## Assignment
Below are the entries to work from; restate word for word the portion that opens with the line containing "Bringing divine blessings" and closes with the line containing "Square image of", keeping both.
----
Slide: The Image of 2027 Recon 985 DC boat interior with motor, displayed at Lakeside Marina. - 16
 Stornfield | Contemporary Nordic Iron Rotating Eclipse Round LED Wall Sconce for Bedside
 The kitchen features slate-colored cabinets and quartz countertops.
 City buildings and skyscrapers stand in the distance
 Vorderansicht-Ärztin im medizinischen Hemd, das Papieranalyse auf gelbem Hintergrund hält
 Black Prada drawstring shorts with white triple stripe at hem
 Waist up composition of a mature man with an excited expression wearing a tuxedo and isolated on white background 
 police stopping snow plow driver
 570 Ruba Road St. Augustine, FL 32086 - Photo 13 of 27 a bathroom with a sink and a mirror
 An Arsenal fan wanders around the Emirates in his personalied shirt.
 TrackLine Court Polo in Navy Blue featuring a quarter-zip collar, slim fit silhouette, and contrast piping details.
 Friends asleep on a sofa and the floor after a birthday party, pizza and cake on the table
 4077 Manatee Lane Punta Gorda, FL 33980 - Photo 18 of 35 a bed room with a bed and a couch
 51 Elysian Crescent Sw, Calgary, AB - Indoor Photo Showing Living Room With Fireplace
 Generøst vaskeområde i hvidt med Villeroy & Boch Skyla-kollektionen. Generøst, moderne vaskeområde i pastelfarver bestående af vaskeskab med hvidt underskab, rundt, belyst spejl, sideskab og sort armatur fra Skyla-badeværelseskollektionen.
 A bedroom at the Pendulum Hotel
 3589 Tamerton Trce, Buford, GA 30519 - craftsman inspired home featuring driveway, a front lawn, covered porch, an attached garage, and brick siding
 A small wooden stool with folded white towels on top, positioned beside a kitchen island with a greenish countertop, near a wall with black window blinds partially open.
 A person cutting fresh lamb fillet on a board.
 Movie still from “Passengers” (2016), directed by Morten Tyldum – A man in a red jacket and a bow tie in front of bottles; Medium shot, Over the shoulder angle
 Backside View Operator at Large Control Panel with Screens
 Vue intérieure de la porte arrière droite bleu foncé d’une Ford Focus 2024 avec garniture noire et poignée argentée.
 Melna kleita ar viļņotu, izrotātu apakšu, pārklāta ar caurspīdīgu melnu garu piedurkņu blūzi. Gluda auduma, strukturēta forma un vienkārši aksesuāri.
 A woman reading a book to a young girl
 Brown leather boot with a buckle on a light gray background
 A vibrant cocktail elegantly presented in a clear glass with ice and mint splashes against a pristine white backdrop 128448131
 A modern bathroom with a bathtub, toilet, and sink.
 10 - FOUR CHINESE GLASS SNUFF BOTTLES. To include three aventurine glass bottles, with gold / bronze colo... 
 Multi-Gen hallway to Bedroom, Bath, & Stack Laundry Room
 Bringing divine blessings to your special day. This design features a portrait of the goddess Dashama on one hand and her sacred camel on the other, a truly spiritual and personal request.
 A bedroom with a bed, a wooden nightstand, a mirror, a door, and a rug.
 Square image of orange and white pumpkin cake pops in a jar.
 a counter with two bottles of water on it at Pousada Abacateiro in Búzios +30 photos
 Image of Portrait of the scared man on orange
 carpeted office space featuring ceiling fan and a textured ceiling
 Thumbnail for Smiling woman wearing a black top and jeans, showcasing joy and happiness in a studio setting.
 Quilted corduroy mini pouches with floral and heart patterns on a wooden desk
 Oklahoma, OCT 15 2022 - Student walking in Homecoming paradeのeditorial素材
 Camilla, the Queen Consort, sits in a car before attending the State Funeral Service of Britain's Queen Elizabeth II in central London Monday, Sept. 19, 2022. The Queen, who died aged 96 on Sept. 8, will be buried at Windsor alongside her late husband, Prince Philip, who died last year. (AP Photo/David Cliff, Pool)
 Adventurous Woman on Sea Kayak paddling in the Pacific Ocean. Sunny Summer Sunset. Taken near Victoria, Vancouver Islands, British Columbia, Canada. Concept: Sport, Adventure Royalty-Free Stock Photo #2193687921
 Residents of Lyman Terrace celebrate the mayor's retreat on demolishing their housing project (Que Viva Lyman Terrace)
----
## Exercise solution
 Bringing divine blessings to your special day. This design features a portrait of the goddess Dashama on one hand and her sacred camel on the other, a truly spiritual and personal request.
 A bedroom with a bed, a wooden nightstand, a mirror, a door, and a rug.
 Square image of orange and white pumpkin cake pops in a jar.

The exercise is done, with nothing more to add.